Broward School Board votes against FCAT
FORT LAUDERDALE, Fla. (WSVN) -- The Broward County School Board held a meeting Wednesday to discuss canning a standardized test many students in the district are failing.
FCAT scores across the state took a drastic drop this year. In the 2010-2011 school year, 81 percent of fourth-grade students in Florida passed the FCAT Writing test. This school year, however, a mere 27 percent passed. "Look at that drop!" one parent remarked. "Is this system working? This FCAT thing?"
Another parent said, "I think it's horrible, but what am I supposed to do?"
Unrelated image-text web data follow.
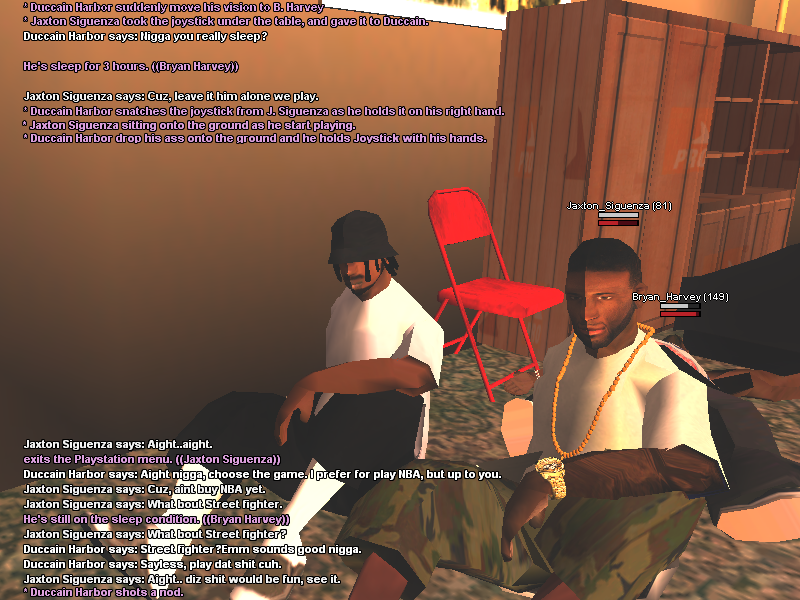 166.png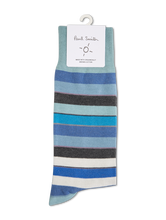 Image sur Chaussettes NANDOR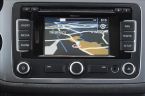 Volkswagen Tiguan - fotka číslo 17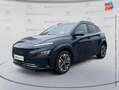 Hyundai KONA Electric 64kWh - 204ch Executive - thumbnail 1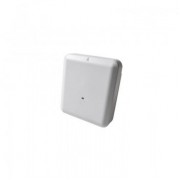 Точка доступа Cisco AIR-AP4800-Q-K9C
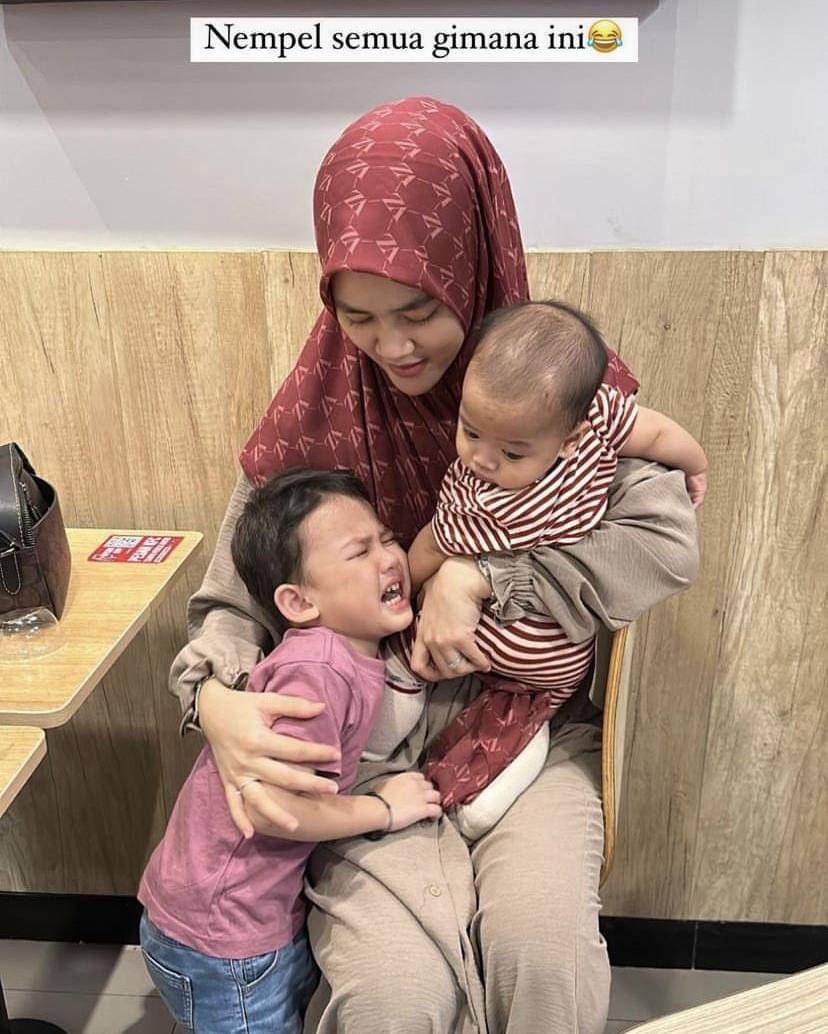 Instagram.com/alvin_411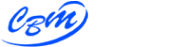 Логотип компании СВТ-МОНТАЖ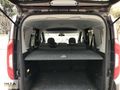 2015 DOBLO 1.6 PREMİO PLUS 187 BİN KM'DE FULL OTOMOBİL RUHSATLI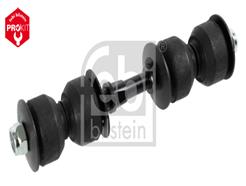 FEBI BILSTEIN 42983 ProKit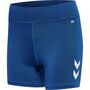 Hummel Hmlcore Xk Hipsters Woman - true blue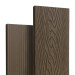 Террасная доска ДПК EasyDecking Wood-X 146х23 Венге купить в Петрове Вале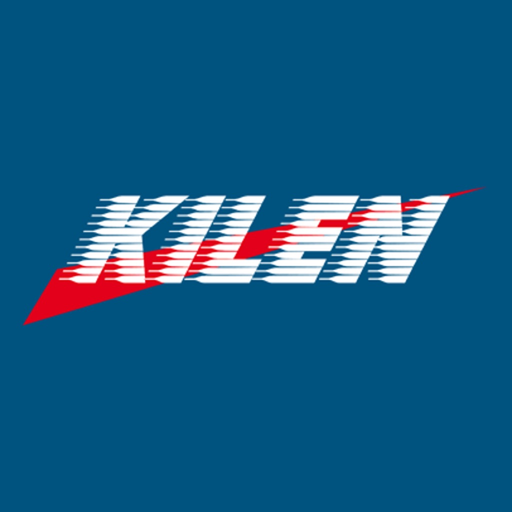 KILEN Catalogue app icon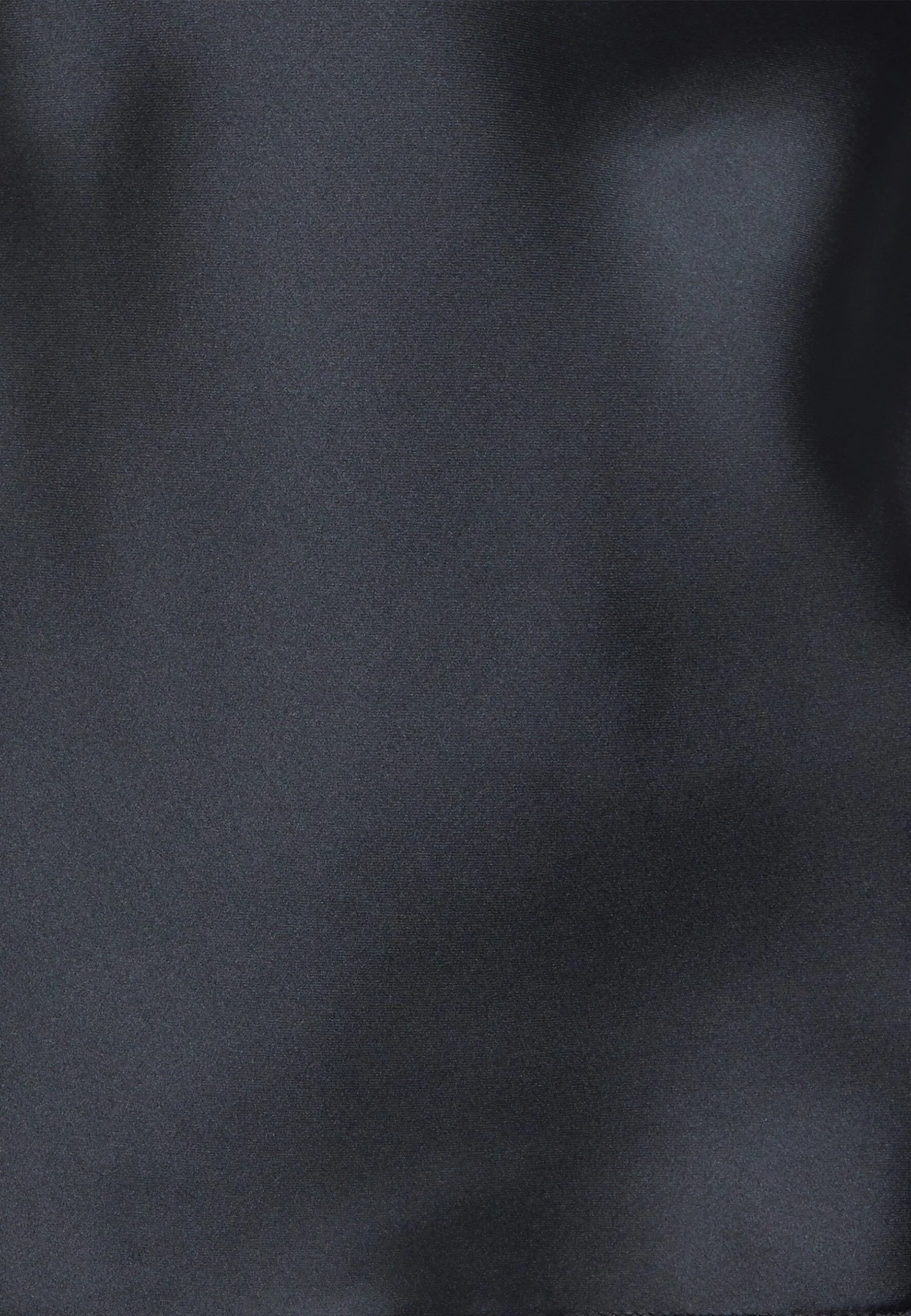 Anna Field Topper - Black 5 Anna Field Topper - Black - Bilde 3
The FCAT has been under attack, accused of forcing teachers to "teach to the test," instead of focusing on providing students with an education. The state standardized test has also been accused of being useless at best and destructive at worst. "The billions of dollars spent on test prep each year could be redirected toward helping our students find, discover and develop their passions and careers, and isn't that really what schools should be about?" said school board member Nora Rupert.
Fellow board member Robin Bartleman agreed. "As a parent, I cannot tell you the stress this puts on children," she said. "This year alone, my neighbor's son was so upset, he couldn't sleep the night before. My daughter told me at the next bus stop, a student ran off the bus, because he was afraid to take his FCAT."
Therefore, the Broward County School Board followed in the footsteps of the Palm Beach School Board and voted unanimously to pass a resolution to oppose the over-emphasis on high-stakes testing. "Although we do need forms of evaluation, we all know all students don't perform their best, and they don't show us what they're capable of on one test in one format," said Broward School Board member Donna Korn.
Senator Nan Rich, D-FL, said she expects the resolution to soon become more widespread. "I think that it is going to gain momentum across the state, just as it has in Texas. Over 300 school districts in Texas have signed on to a resolution such as this," she said. "They have a lot of school districts in Texas, it's different than Florida, but this is the beginning. Palm Beach has passed this, Broward."
It is ultimately up to Governor Rick Scott and the Florida state legislature to get rid of the FCAT, but with the surge in resolutions against the standardized test, pressure is beginning to mount.